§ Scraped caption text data
***

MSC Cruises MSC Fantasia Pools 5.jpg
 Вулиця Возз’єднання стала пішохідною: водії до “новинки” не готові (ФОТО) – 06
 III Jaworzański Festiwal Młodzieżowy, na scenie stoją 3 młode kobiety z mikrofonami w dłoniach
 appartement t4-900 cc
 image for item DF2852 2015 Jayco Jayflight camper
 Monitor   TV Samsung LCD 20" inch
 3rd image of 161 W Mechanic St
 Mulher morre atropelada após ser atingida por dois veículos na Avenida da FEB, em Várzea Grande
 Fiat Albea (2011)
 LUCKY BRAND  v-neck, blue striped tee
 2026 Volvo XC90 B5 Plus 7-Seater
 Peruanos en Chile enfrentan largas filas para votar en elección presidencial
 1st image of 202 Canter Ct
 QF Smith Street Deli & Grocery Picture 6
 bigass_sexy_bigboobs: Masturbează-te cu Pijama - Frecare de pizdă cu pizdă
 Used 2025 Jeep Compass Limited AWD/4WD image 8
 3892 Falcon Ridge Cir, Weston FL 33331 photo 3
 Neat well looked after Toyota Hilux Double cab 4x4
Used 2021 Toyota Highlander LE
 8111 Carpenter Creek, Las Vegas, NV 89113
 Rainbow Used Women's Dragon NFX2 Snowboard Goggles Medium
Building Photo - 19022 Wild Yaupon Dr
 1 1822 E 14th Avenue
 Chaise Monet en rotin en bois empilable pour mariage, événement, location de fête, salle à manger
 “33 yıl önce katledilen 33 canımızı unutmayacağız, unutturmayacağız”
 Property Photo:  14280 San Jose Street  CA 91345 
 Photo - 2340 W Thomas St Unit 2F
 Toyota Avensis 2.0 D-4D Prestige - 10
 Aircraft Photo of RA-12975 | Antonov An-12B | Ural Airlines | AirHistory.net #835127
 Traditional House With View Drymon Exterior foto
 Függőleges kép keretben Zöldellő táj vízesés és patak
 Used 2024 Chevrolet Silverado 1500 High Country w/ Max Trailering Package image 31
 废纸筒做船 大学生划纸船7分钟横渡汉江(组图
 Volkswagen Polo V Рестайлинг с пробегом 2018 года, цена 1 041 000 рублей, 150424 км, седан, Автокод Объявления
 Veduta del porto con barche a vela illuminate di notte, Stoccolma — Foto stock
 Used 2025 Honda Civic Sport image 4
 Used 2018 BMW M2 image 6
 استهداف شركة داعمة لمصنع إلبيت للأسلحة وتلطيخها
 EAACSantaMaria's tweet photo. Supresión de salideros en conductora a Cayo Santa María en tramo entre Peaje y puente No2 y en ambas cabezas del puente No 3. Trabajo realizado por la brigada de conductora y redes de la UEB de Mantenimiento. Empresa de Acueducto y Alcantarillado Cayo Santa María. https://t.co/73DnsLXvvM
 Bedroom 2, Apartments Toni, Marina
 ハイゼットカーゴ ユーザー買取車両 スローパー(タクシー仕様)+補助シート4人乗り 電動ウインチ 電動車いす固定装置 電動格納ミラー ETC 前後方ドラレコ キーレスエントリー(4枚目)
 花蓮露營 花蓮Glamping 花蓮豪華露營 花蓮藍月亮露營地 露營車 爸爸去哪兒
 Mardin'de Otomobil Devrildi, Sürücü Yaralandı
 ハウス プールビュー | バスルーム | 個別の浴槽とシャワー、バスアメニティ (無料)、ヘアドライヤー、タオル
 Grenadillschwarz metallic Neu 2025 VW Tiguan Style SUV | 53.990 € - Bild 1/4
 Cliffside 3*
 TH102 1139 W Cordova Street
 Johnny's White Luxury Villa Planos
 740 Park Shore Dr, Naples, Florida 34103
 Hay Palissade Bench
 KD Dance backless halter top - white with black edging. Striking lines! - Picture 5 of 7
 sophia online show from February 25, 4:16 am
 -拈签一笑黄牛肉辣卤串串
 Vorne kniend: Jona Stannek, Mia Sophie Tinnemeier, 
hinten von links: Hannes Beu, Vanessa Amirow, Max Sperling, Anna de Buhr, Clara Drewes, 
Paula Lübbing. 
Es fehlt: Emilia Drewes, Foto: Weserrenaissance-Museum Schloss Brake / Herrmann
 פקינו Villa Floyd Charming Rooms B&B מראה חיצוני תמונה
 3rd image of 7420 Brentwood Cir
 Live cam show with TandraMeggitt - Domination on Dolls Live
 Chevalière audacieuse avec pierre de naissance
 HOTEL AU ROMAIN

***

§ Task brief
Lines above with the string "Drewes" need to be found and copied.

§ Written answer
hinten von links: Hannes Beu, Vanessa Amirow, Max Sperling, Anna de Buhr, Clara Drewes, 
Es fehlt: Emilia Drewes, Foto: Weserrenaissance-Museum Schloss Brake / Herrmann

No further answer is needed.